(Short text fragments from websites)
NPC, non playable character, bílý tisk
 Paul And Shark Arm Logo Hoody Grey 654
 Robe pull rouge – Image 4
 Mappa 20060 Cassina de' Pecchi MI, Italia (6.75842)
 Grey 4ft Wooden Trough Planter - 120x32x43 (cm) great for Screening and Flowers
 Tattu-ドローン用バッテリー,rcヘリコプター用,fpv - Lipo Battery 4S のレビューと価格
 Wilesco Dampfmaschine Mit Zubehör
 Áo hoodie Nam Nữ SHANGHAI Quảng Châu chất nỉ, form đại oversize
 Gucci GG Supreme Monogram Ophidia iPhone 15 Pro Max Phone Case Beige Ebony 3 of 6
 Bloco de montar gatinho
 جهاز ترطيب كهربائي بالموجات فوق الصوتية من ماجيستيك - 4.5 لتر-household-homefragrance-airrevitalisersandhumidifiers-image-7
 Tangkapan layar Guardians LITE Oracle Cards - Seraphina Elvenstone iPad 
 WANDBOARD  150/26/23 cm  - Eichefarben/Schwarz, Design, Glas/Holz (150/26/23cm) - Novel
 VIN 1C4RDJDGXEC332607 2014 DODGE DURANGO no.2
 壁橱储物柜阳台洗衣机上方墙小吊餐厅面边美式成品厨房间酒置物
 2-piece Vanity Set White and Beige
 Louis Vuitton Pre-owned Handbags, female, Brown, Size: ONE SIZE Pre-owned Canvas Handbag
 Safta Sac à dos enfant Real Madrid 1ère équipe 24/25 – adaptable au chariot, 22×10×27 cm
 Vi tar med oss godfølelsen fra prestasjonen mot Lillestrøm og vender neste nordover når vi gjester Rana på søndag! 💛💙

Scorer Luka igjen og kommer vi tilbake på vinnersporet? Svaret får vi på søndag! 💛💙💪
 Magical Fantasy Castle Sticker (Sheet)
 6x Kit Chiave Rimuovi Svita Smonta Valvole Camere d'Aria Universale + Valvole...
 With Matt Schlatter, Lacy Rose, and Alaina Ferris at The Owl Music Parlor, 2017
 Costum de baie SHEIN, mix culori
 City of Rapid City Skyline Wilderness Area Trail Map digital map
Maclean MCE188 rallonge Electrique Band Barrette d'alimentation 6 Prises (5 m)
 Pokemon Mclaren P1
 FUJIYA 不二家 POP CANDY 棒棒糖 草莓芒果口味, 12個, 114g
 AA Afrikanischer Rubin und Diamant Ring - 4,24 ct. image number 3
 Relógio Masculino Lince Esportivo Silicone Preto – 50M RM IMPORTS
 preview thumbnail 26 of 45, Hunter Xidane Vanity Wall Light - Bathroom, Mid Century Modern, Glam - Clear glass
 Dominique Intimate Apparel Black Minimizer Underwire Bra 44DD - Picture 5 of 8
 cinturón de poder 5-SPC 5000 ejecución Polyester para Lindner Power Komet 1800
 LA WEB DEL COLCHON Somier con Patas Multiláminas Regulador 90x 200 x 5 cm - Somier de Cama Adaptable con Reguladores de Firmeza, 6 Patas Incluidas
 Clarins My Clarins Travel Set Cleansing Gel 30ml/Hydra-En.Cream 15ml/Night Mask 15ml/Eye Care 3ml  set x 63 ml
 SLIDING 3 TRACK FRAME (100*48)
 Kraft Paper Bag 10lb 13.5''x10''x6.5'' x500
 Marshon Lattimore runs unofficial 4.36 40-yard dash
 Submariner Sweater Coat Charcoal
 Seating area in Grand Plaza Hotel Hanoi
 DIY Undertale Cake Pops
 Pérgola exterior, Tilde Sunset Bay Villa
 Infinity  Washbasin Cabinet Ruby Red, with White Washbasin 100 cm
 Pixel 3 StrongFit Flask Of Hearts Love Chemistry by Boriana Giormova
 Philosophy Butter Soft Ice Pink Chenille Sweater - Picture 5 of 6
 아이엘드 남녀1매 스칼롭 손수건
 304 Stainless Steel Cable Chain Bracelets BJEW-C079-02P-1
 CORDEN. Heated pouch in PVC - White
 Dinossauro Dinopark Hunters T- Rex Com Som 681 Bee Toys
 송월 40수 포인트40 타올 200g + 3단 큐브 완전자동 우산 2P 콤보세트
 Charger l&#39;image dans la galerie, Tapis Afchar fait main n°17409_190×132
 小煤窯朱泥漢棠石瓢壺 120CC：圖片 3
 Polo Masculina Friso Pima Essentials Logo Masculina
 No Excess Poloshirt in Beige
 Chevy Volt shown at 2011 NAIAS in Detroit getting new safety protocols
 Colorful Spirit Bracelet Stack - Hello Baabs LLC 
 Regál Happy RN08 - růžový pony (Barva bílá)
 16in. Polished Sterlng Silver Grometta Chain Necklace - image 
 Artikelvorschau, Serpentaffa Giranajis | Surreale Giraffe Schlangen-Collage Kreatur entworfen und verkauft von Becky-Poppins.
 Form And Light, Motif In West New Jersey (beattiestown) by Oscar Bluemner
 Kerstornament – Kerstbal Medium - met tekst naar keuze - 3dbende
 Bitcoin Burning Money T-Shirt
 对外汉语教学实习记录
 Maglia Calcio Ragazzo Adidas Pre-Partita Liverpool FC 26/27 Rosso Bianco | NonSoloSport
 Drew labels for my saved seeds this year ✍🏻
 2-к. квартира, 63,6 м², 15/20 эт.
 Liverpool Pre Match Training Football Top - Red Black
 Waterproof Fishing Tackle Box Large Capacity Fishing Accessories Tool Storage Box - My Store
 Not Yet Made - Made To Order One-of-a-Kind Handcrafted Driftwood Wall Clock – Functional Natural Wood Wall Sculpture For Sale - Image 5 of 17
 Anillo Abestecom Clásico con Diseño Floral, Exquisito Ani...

Exercise brief: For each line above that contains the word "Logo", make a copy.

Written response:
 Paul And Shark Arm Logo Hoody Grey 654
 Polo Masculina Friso Pima Essentials Logo Masculina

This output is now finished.